* **Task**
Print the lines below from the line with "Sfx Makeup Kit" to the line with "Fried chicken bucket" exactly, keeping both ends, and print no pictures.

* **Raw data**
══════

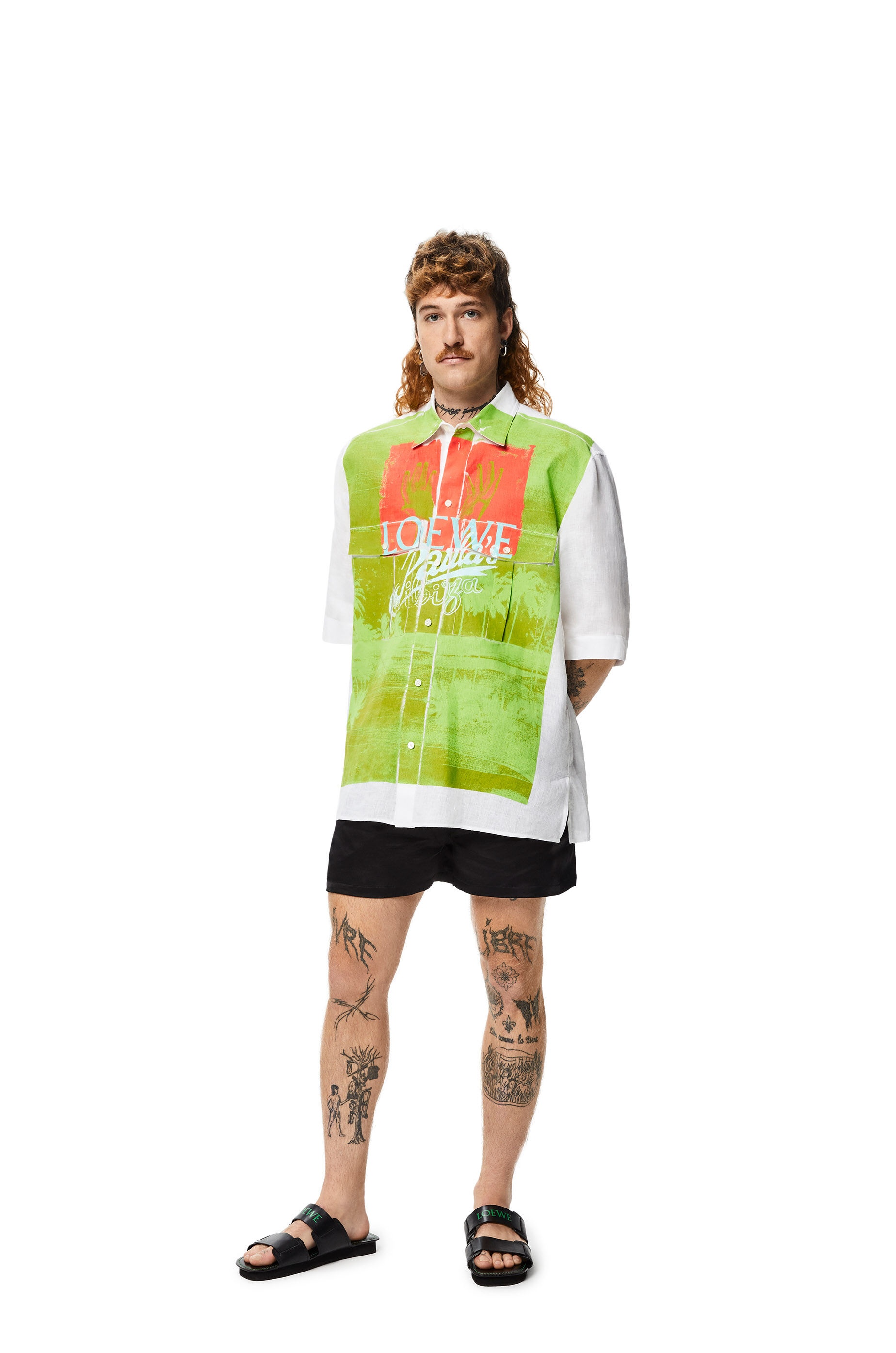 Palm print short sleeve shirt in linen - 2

══════

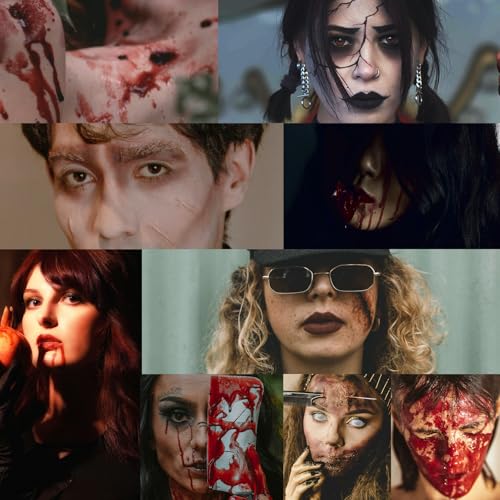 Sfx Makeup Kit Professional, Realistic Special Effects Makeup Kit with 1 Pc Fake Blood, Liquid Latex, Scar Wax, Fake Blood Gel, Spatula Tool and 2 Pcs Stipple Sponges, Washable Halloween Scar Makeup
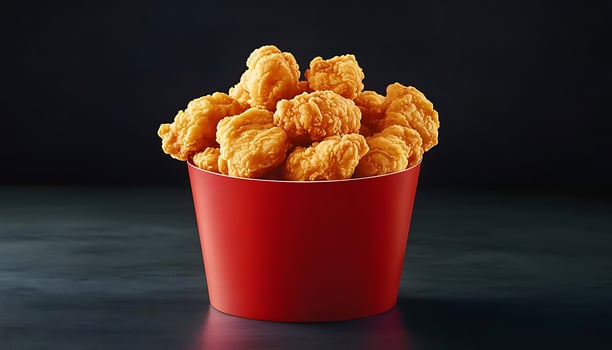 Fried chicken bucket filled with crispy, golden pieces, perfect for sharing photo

══════

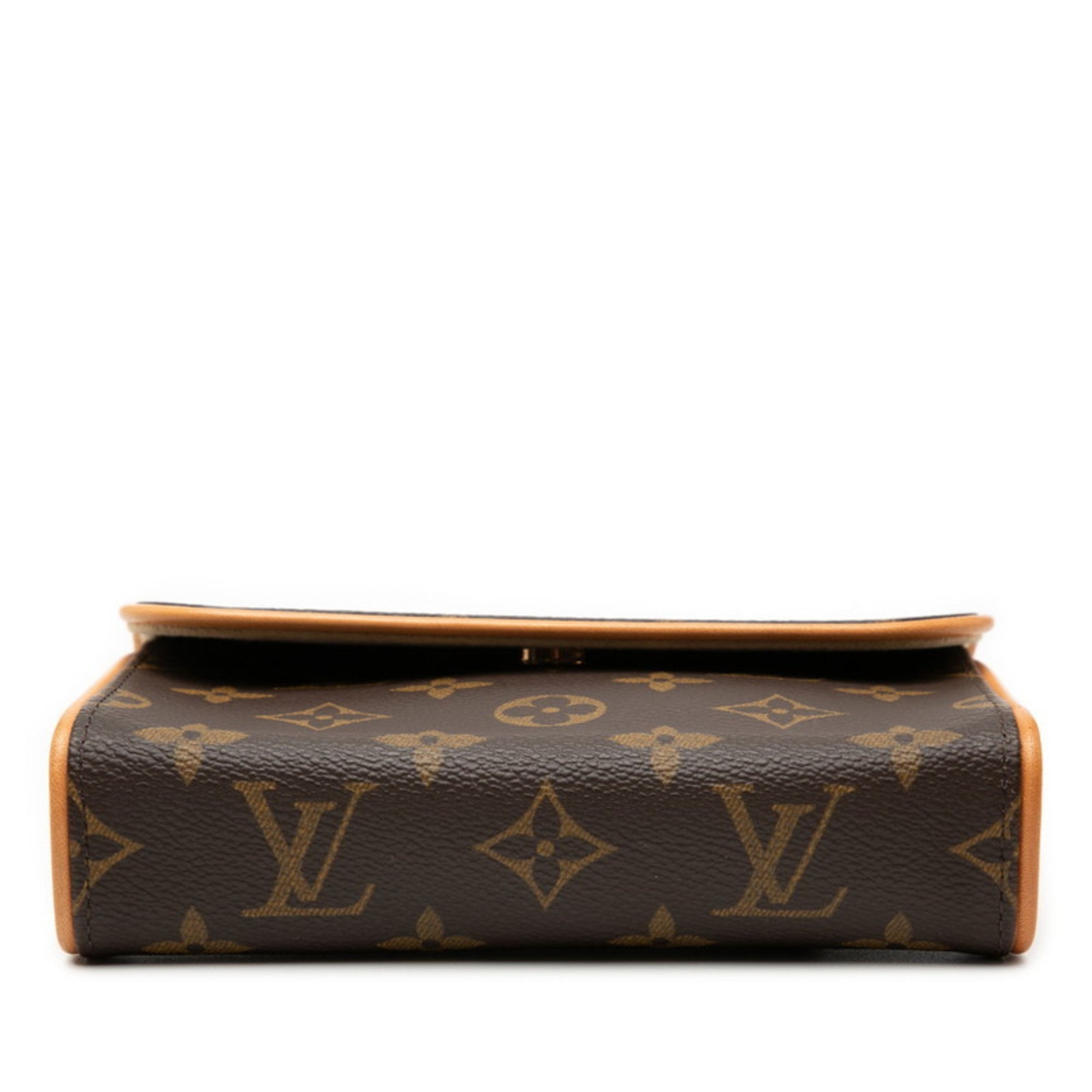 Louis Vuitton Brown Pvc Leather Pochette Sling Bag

══════

* **Task answer**
 Sfx Makeup Kit Professional, Realistic Special Effects Makeup Kit with 1 Pc Fake Blood, Liquid Latex, Scar Wax, Fake Blood Gel, Spatula Tool and 2 Pcs Stipple Sponges, Washable Halloween Scar Makeup
 Fried chicken bucket filled with crispy, golden pieces, perfect for sharing photo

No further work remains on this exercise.